In this section, we will describe several stages essential to the project.
Our input data will be the scans of certain encrypted documents from the State Archive of Venice. First of all, these graphical representations (the scanned images) needs to be converted into a textual format for our cryptanalysis. There are two possible approaches for that: manual and automated transcription.
In manual transcription, manual examination of the document scans is required. The examiners reconstruct the documents in textual format in accordance with their personal judgments. In automated transcription, image processing techniques are employed for text recognition in scanned images. The automation of the transcription step would result in faster access to a larger collection of data in textual format.

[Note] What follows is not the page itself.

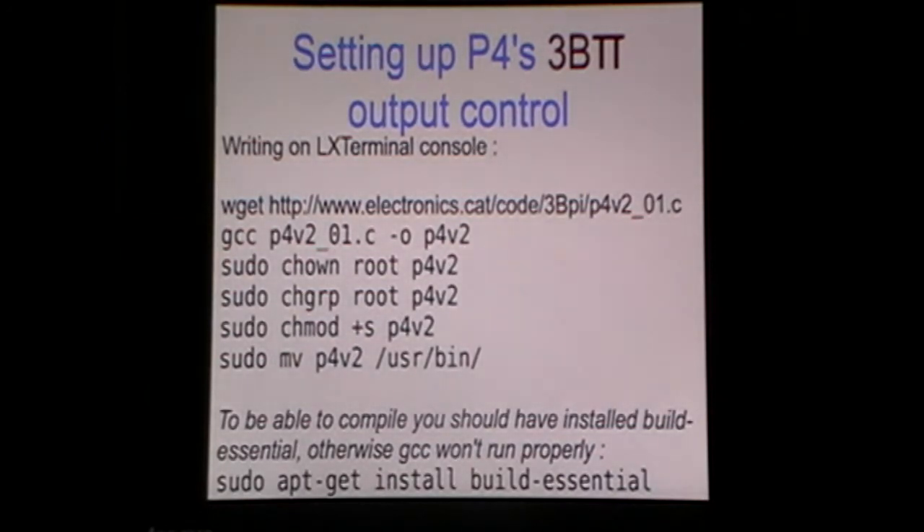Next we change the owner and group to root, and we add the setuid bit to make it executable for any user — not using sudo. Finally we move the file to /usr/bin. Then P4V2 can be used as a new command. If you can't use GCC, maybe you don't have the build-essential package installed. You can install it using apt-get.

For the following cryptanalysis subsection we will assume to have access to the textual format of the documents. Afterwards, in the text extraction subsection we will explore how to automate the transcription step.
At the moment, there is still uncertainty regarding the material we will be able to access. We assume to be able to access the following: a set of ciphertext-plaintext pairs, another set of still-encrypted ciphertexts. Additionally, we also expect to further categorize these sets into two subsets with the addition of the following characteristic: the knowledge of the used cryptosystem (device, algorithm etc.).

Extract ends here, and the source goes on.